本发明涉及用于检测阴道加特纳菌的核酸序列的核酸扩增测定。本发明提供了与GV的vly基因的核酸序列互补或退火的寡核苷酸。本发明还提供了可用于核酸扩增反应的内部扩增对照(IAC)。

Description

阴道加特纳菌测定
相关申请的交叉参考
本申请要求2010年11月1日提交的美国临时专利申请号61/408,840的提交日期的利益,将所述临时专利申请的公开内容通过引用并入本文。
序列表
本申请包括已通过EFS-Web以ASCII格式提交并且通过引用整体并入本文的序列表。2011年10月19日创建的所述ASCII拷贝称为Gardnerella vaginalis_ST25.txt的序列表并且大小为15.6千字节。
发明领域
本发明涉及用于检测和/或定量阴道加特纳菌(Gardnerellavaginalis)(在本文中也称为GV)的核酸序列的核酸扩增法。本发明提供了用于扩增和/或检测阴道加特纳菌的、与阴道加特纳菌的核酸序列互补或与其退火的寡核苷酸。本发明提供了用于扩增和/或检测阴道加特纳菌核酸序列的链置换扩增(SDA)测定或PCR测定。SDA测定可任选地是包括内部扩增对照(IAC)的双重SDA。
发明背景
阴道加特纳菌(GV)是革兰氏可变的球杆菌,其已经讨论为非特异性阴道炎的唯一诱因剂。Kretzschmar U,等人"Purification andCharacterization of Gardnerella vaginalis Hemolysin Curr.Microbiol.23(1):713(1991)。该生物体的诊断和检测通常基于病理学或临床发现并且可通过分离和染色技术来确认。例如,在Kretzschmar等人中,GV的检测和表征的基础是由该生物体产生的细胞外溶血素。GelberS.,等人"Functional and Phylogenetic Characterization ofVaginolysin,the Human Specific cytolysin from Gardnerellavaginalis"J.Bacteriol.190(11):38963903(2008)将由GV产生的另一种细胞外溶血素鉴定为vaginolysin。Rottini,G.,等人"Identificationand Partial Characterization of a Cytolytic Toxin Produced byGardnerella vaginalis”Infect.and Immun.58(11):37513758(1990)将由GV产生的溶血素鉴定为溶细胞素(cytolysin)。分离由GV产生的这些毒素的困难描述于Cuaci S,等人"Pore forming andhaemolytic properties of the Gardnerella vaginalis cytolysin,”Mole.Microbio.9(6):11431155(1993)中。
关于GV产生的毒素的测量和检测(以检测GV)已写了许多。然而,基于生物体本身(而不是其产生的毒素)来检测GV的方法仍被继续寻求。因此,存在对减少假阴性结果的可能性的测定的需要。
本文中的参考资料的引用或论述不应当被解释为这是本发明的现有技术水平的承认。
发明概述
本文中描述了用于定性和/或定量检测阴道加特纳菌在样品中的存在或不存在的方法,所述方法包括:(a)使用具有基本上由本文中公开的任何扩增引物的靶结合序列组成的序列的第一扩增引物扩增靶序列和(b)检测扩增的靶序列。在某些实施方案中,还描述了基本上由本文中公开的任何扩增引物的靶结合序列组成的第二扩增引物的用途。

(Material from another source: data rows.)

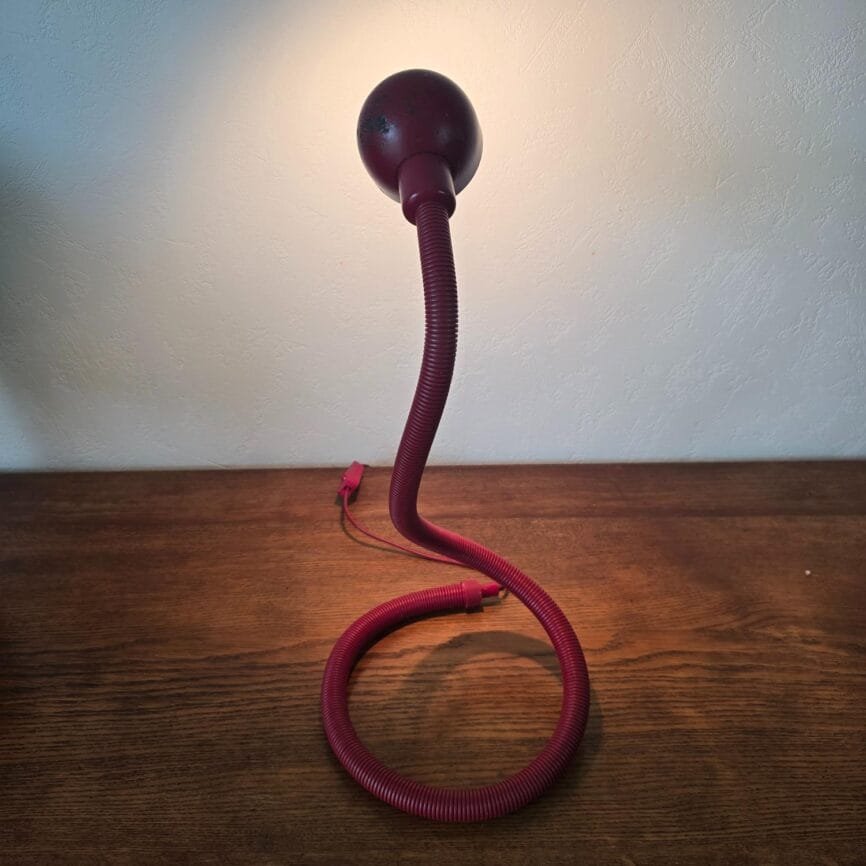 Lampe rouge allumée en vue de côté, lumière chaude dirigée vers le mur.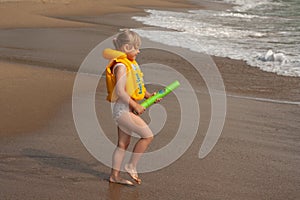 Young girl with yellow life jacket.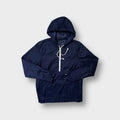 Adidas navy blue windbreaker jacket with a white half-zip and hood drawstrings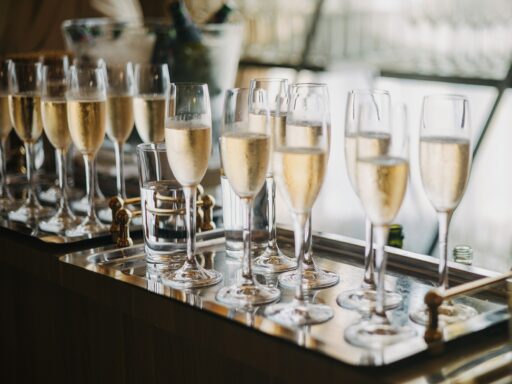 Glasses of sparkling wine lined up on a tray at a reception.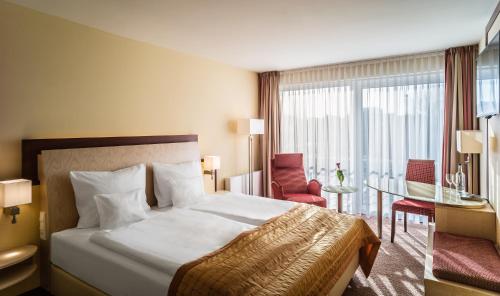 吕讷堡Best Western Plus Residenzhotel Lüneburg的酒店客房带一张床、一张桌子和椅子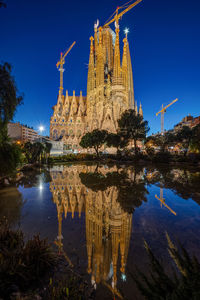 The famous sagrada familia in barcelona at night reflected in a small pond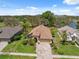 Aerial view of the property highlighting the manicured lawn, paver driveway, and ideal location near a lake at 11631 Wayside Willow Ct, Hudson, FL 34667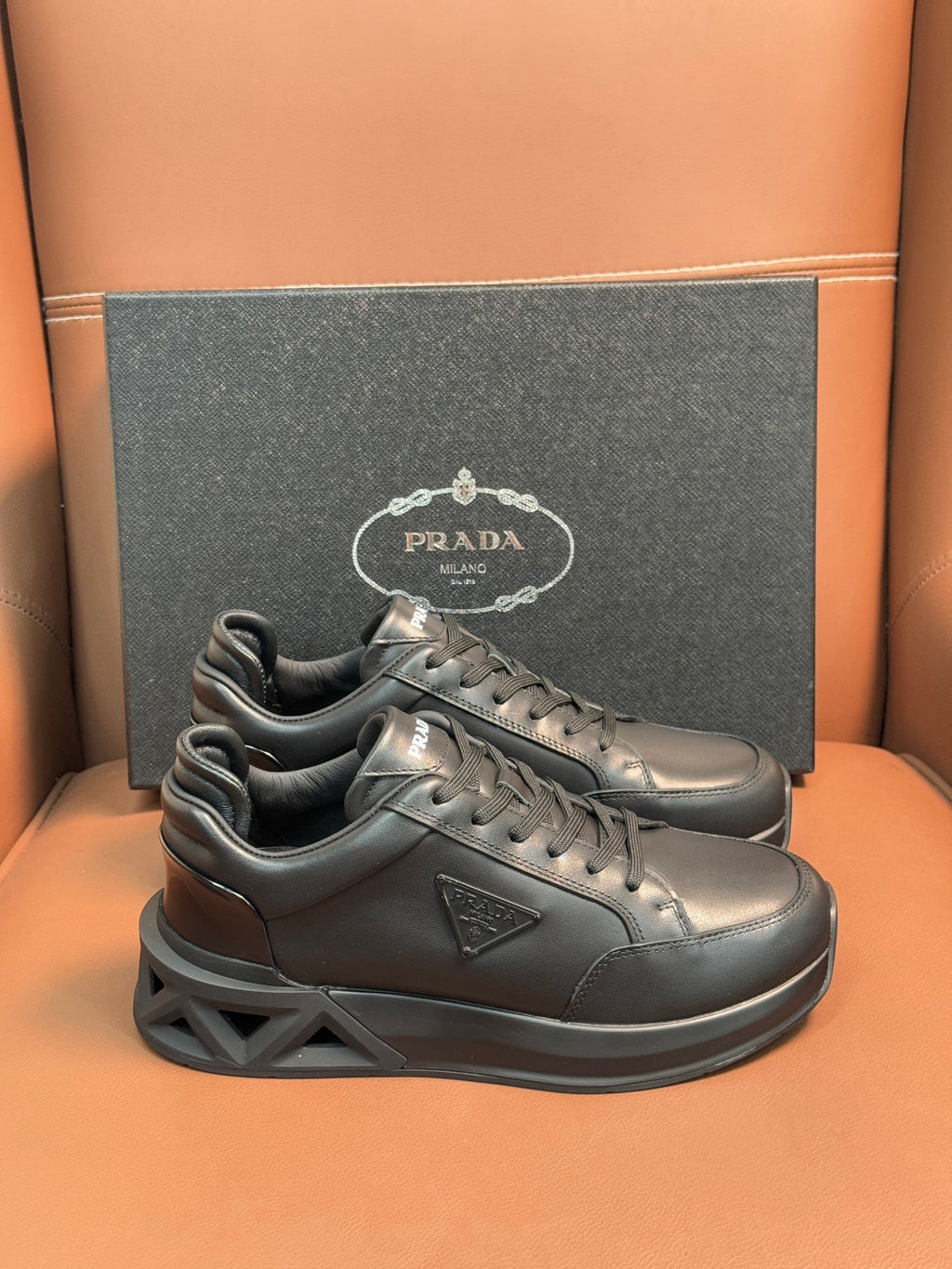 Prada dark lace-up sneakers with sculpted sole and triangular logo patch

本文中描述的寡核苷酸可用于通过选择扩增的在产生毒素vaginolysin和溶细胞素/溶血素的基因中发现的核酸序列而检测GV的存在。在这一点上,本发明人已决定将该靶称为vly基因。然而,文献还提及GV的溶细胞素基因和溶血素基因。无论这些基因是不同的基因还是仅仅为同一基因的不同名称,对于本文中描述的发明并不重要。虽然靶序列在本文中被称为"vly基因"或"vly靶",但其就是靶本身(即产生上述毒素之一的基因),而不是作为本发明的焦点的基因靶的名称。虽然申请人不希望受具体理论束缚,但申请人相信这些毒素全都由同一基因产生。然而,本发明不限于靶序列所位于的GV基因的名称。
在一个实施方案中,本文中公开了用于检测阴道加特纳菌靶序列的方法。在该方法中,提供了至少一种将扩增GV的vly基因的至少一部分的寡核苷酸引物,在扩增后,扩增的靶序列被检测。GV的vly基因的实例包括SEQ ID NO.1、2、23、24和25。
已鉴定了vly基因的高度保守的区域。高度保守的序列位于vly基因上的大致碱基对328-523之间(对于本文中描述的菌株14018、14019和49145)。在优选实施方案中,靶序列是vly基因的高度保守区域。
菌株14018、14019和49145的高度保守的靶vly基因(对应于各自的Genbank登录号EU522486、EU522487和EU522488)是SEQ IDNO.1、23和24。SEQ ID NO.2和25是两个克隆(分别为T10和T11)的高度保守的靶vly基因。所述克隆具有Genbank登录号EU697811和EU697812。克隆中高度保守的区域的位置大致位于碱基对331-526。vly基因在所述菌株和克隆间是高度保守的,但在菌株与克隆之间存在变异。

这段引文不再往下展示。